> [Scraped caption text data]:

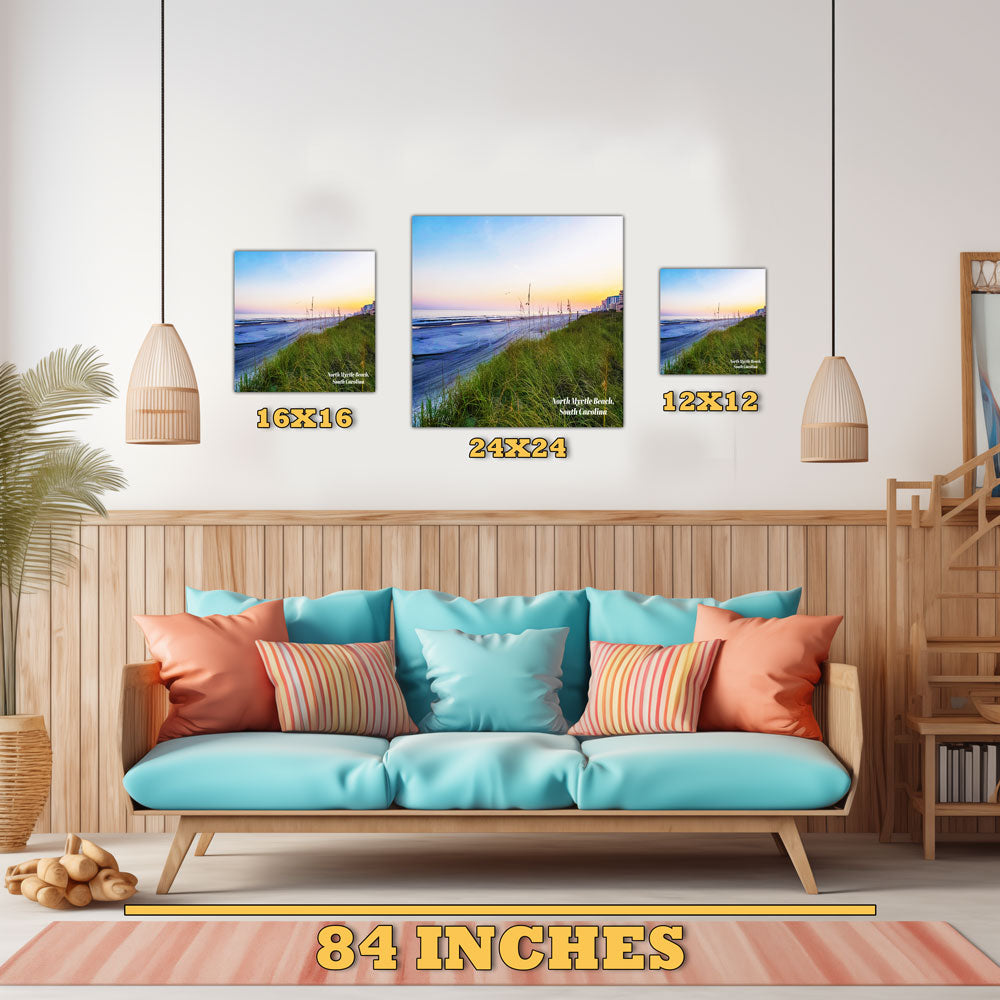 Light blue sofa with colorful cushions in a living room setting, featuring wall art and decor.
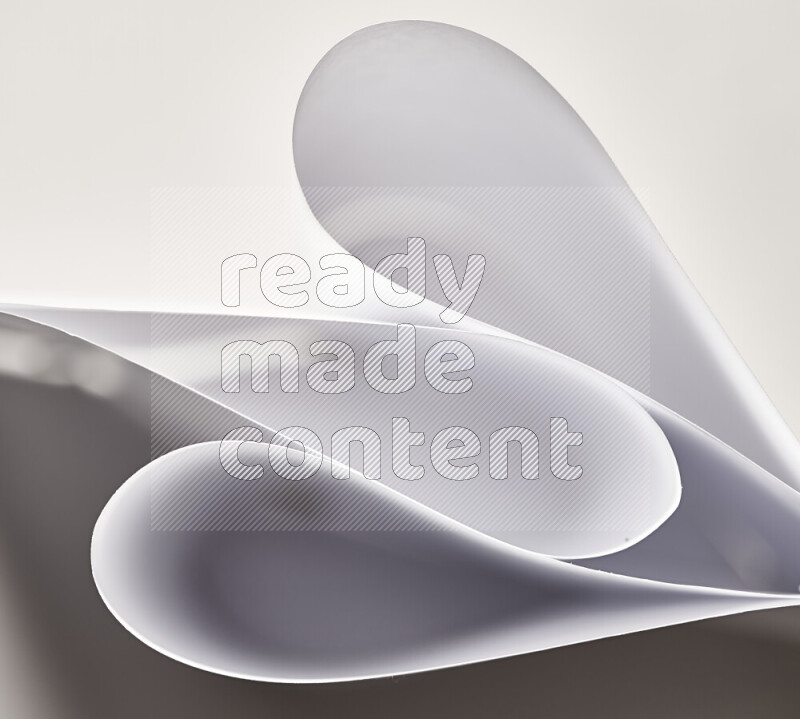 An abstract art of paper folded into smooth curves in grey gradients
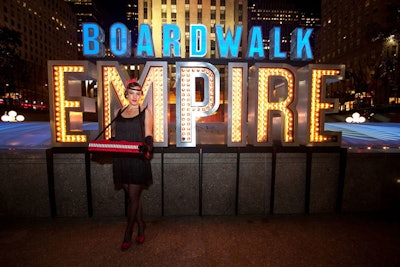 As a playful nod to Boardwalk Empire's central character, Nucky Thompson, the producers of the New York premiere party supplied a cigarette girl, who handed out red carnation boutonnieres to arriving guests.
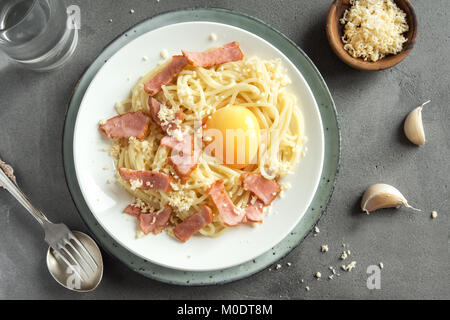 Spaghetti carbonara pasta with egg sauce, bacon and grated parmesan cheese  - homemade healthy italian pasta on grey concrete background Stock Photo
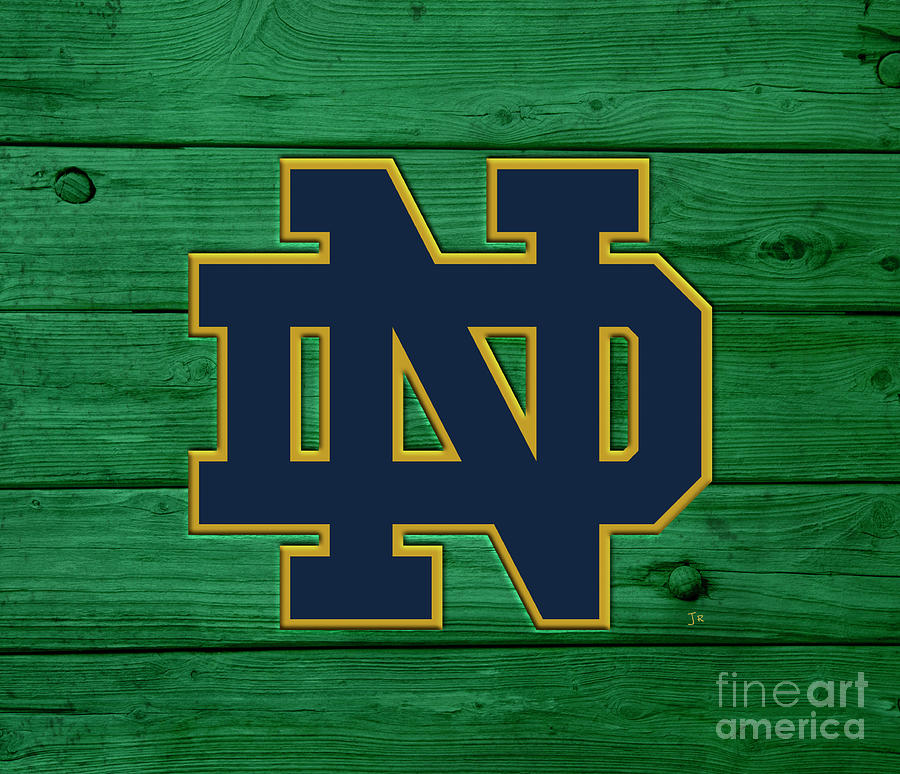 University of Notre Dame Fighting Irish Logo On Green Rustic Boards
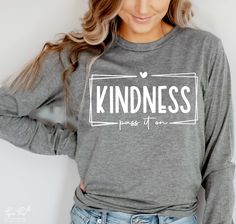 a woman wearing a sweatshirt that says be kind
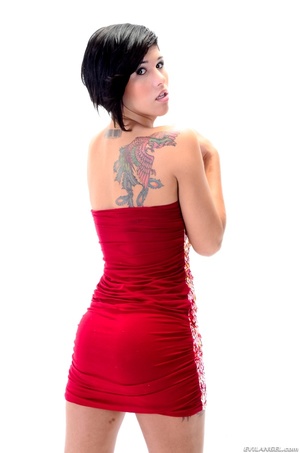 Brunette in tiny dress shows off leather panties and tattoos - Picture 13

> [What you need to do]:
You are asked to reproduce each line above exactly, but to exclude the pictures.

> [Reply to the task]:
 Light blue sofa with colorful cushions in a living room setting, featuring wall art and decor.
 An abstract art of paper folded into smooth curves in grey gradients
 As a playful nod to Boardwalk Empire's central character, Nucky Thompson, the producers of the New York premiere party supplied a cigarette girl, who handed out red carnation boutonnieres to arriving guests.
 Spaghetti carbonara pasta with egg sauce, bacon and grated parmesan cheese  - homemade healthy italian pasta on grey concrete background Stock Photo
 University of Notre Dame Fighting Irish Logo On Green Rustic Boards
 a woman wearing a sweatshirt that says be kind
 Brunette in tiny dress shows off leather panties and tattoos - Picture 13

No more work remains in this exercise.